Painting a pretty color scheme

Black, white and red bring dash of glamour together with a fresh and clean contemporary design


What's black and white with touches of red all over?

First, it was your wardrobe. Next, it could be your living room, dining room or foyer.

The look is so hot that Jade Jagger's home in London, featured in the April issue of House & Garden, has a red carpet, white slip-covered furniture and red and black pillows. Jagger, daughter of Mick and Bianca, calls it "my favorite color combination."

The ingredients for the sophisticated trio of colors are popping up everywhere:

Stein Mart, a hybrid department store/discount retailer known for spotting home design trends, recently featured black and white with a splash of lipstick red in its advertising.

Furniture manufacturers, no longer content with playing it safe, are spinning the color wheel to red for a major statement in upholstery.

More black wood furniture, often painted rubberwood from China, is showing up in everything from bar stools to bookcases.

Schonbek's new collection of lamps and chandeliers, introduced in January at the Dallas lighting market, introduced the drama of black crystal.

"Start with a white room and black furniture," says Miami interior designer Michael Saruski. "Use red in accessories, artwork or area rugs so that you can easily change them to another room or get rid of it altogether. I don't think it's wrong to have an accent chair in a corner or a red throw, but I would never have a red sofa."

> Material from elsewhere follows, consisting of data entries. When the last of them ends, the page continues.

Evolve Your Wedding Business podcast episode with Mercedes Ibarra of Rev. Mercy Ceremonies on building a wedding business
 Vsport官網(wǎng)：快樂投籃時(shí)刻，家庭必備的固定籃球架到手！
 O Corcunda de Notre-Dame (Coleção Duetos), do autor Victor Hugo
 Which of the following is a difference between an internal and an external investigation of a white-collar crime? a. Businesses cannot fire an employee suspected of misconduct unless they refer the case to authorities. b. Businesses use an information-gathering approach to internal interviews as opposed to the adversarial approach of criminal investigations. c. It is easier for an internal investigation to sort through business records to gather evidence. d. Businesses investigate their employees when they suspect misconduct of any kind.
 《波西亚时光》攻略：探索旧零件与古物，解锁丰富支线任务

Kassie Jones, vice president and general merchandise manager for home at Stein Mart, agrees that red should be kept minimal in accents.

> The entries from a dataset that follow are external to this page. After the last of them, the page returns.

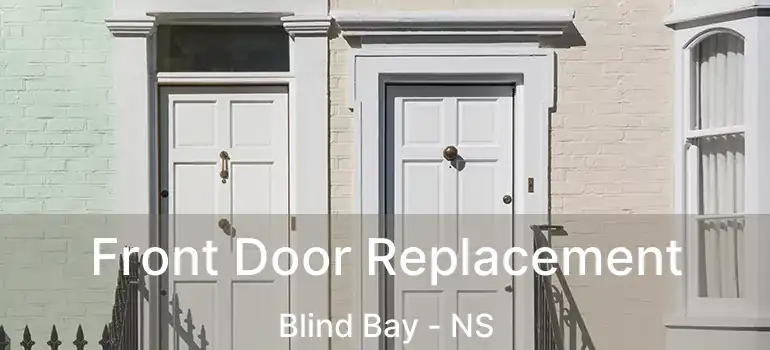  Front Door Replacement Blind Bay - NS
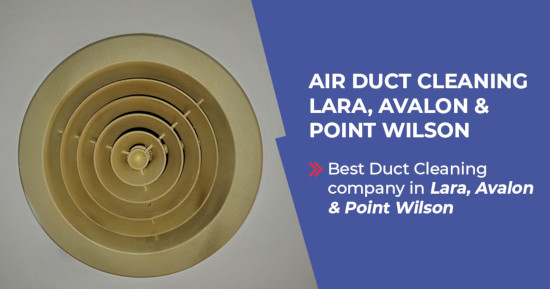 Air Duct Cleaning Service Provider in Lara Avalon Point Wilson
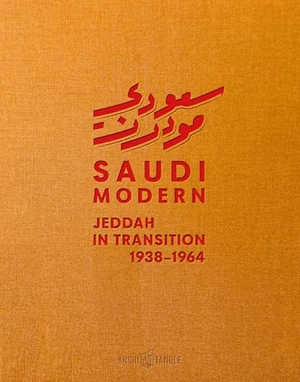 Badawi, Asaad / Gazzaz, Abdulrahman et al. Saudi Modern - Jeddah in Transition 1938-1964. ArchiTangle GmbH, 2025.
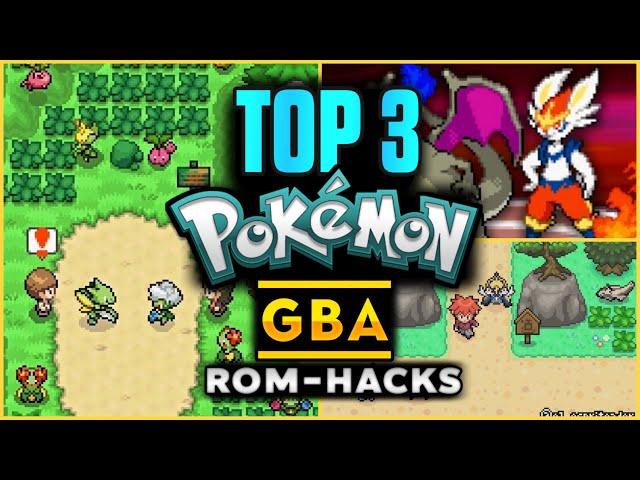 TOP 3 Best Pokemon GBA Rom-Hacks You Must Play ..[New story, Mega Evolution, All Gen and More] !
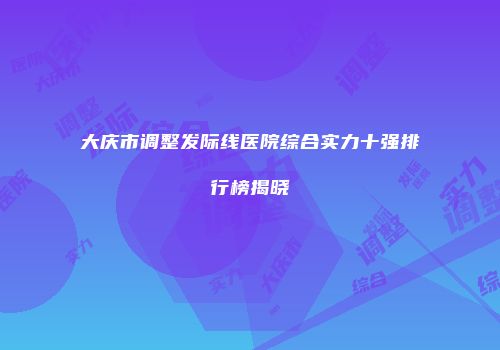 大庆市调整发际线医院综合实力十强排行榜揭晓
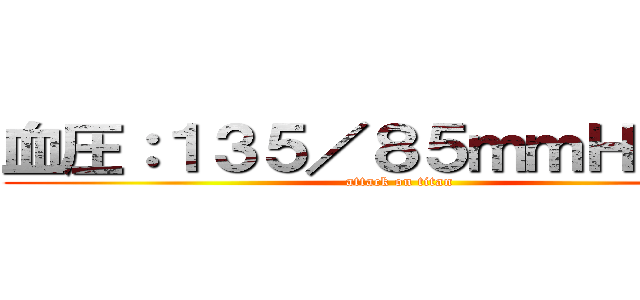 血圧：１３５／８５ｍｍＨｇ以下 (attack on titan)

"Customers have responded quite well to the accent of red," she says, noting the color combination will continue to be promoted through June. "It appeals to any age. One of the merchants here in Jacksonville [Fla.] has a grandmother in Fort Lauderdale [Fla.] who bought four or five items."

Joe Ruggiero, who became a design icon in the 11 years he appeared on HGTV, used red and black in his "Paris" Spring 2006 fabric collection for Norwalk Furniture. His inspiration? Fashion. More than half of the buyers and press were wearing the color combination when they visited Norwalk's High Point, N.C., showroom.

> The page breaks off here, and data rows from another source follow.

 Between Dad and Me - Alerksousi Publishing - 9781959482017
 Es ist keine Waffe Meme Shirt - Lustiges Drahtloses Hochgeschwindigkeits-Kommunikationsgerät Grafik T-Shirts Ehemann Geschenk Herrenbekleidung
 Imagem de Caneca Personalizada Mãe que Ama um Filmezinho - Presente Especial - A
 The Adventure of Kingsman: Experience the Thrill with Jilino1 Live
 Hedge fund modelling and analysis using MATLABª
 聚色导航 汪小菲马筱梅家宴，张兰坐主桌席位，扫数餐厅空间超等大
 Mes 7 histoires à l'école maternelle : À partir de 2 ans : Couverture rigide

"I really feel that red consistently pops up on the charts as a top seller," he says. "If you look at a color trend chart, the colors come up and down like a wave. Red is like calm water. It is consistently in the mix and the best complement for red is black."

Although neutrals are still the most popular paint colors, when color shows up it's red, according to Barbara Richardson, director of color marketing for Glidden. And Drum Beat red is the first color that pops up in every region.

"Red offers the opportunity to look good in so many places - entry, living room, dining room," she says. "You can't say that about any other color.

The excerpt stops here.